BEIRUT, Lebanon — Syrian President Bashar Assad predicted a global catastrophe should the West invade his country, and representatives of Syria's notoriously divided opposition struggled Thursday to form a united government-in-exile against Assad's beleaguered rule.
The International Red Cross, meanwhile, warned that it could no longer "cope" with the fast-expanding humanitarian crisis in Syria.
In an interview with the Russian television channel RT, Assad sketched an apocalyptic scenario should the West mount an invasion of Syria.

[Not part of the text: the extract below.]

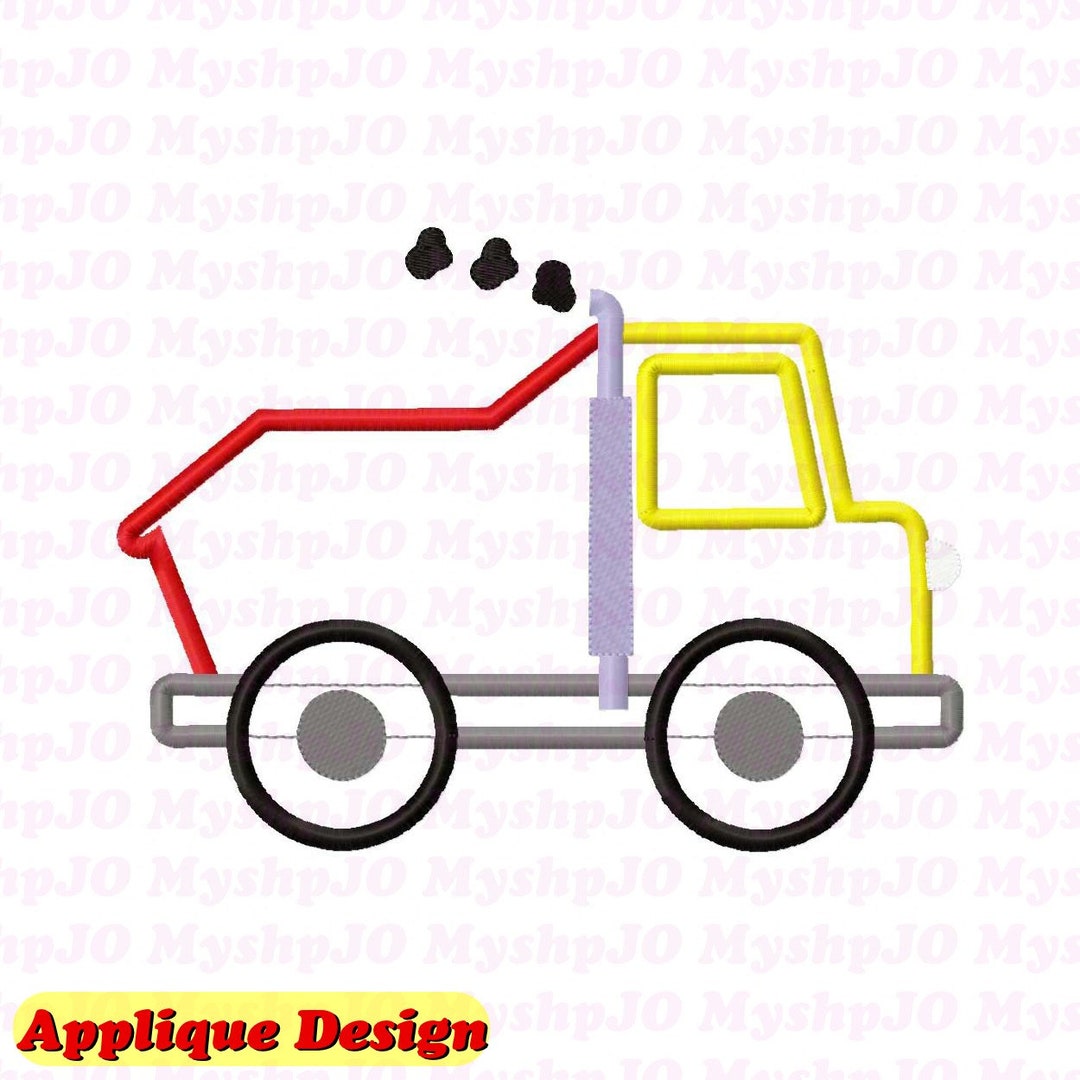 Dump Truck Applique Embroidery Design INSTANT DOWNLOAD Etsy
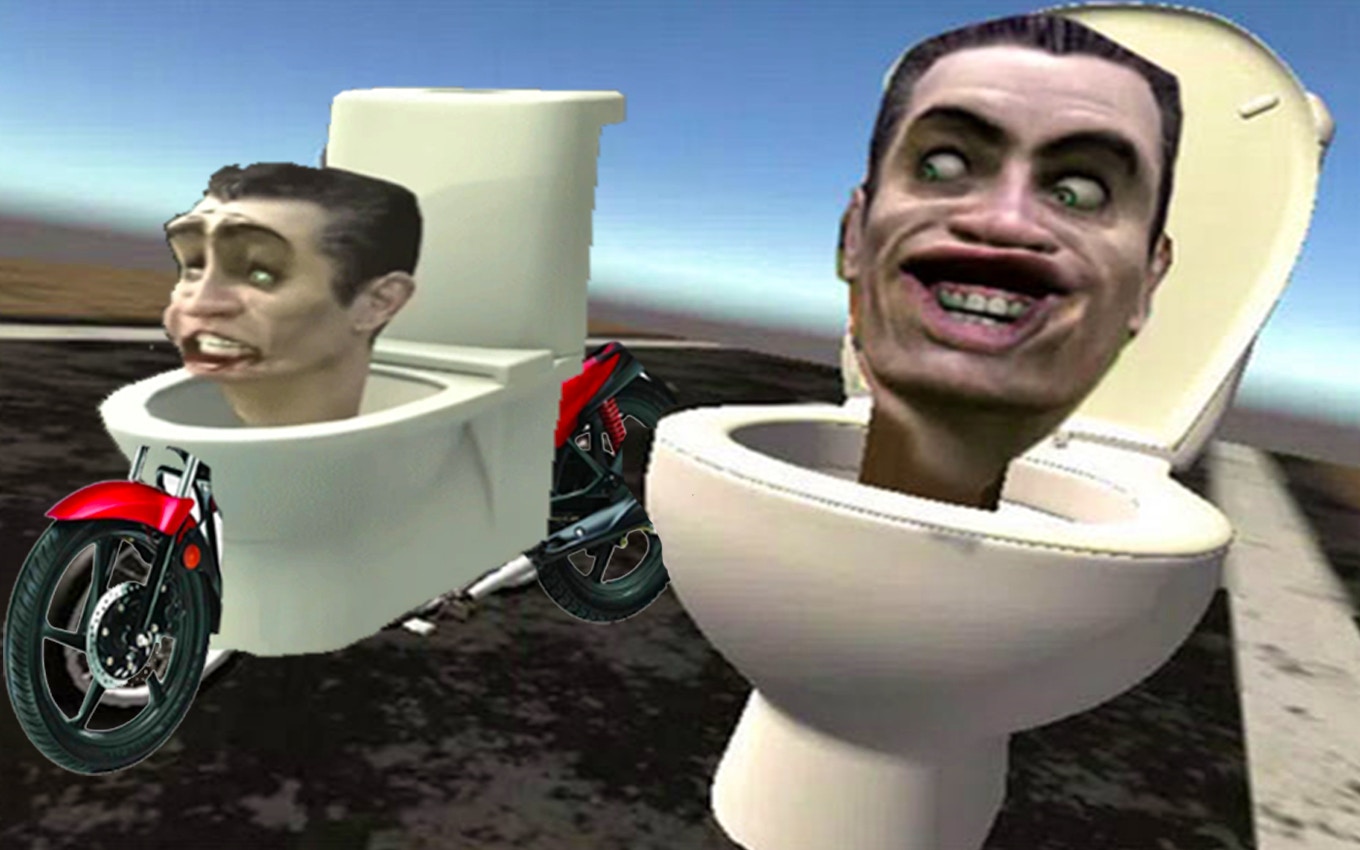 Enhanced Bike Stunt skibidi Toilet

"I think the price of this invasion, if it happens, is … too big," Assad, speaking in English, told the Russian station in one of his infrequent recent interviews. "More than the whole world can afford. … We are the last stronghold of secularity and stability in the region. And coexistence, let's say. It will have a domino effect … from the Atlantic to the Pacific."
The Syrian president, whose family has ruled the country for 40 years, has frequently depicted his government as stoutly manning the ramparts of stability in a volatile region beset by religious, ethnic and political divides. He has previously warned that his government would not fall without igniting a regional conflagration.
Assad said he believed an invasion of his country was unlikely, but he stressed that in the event of such an attack "nobody can tell what's next."
In the interview, Assad also repeated previous assertions that he has no intention of leaving Syria despite demands from Washington and elsewhere that he relinquish power.
"I am Syrian. I'm made in Syria," Assad said in an interview, excerpts of which appeared Thursday on RT's website. "I have to live in Syria and die in Syria."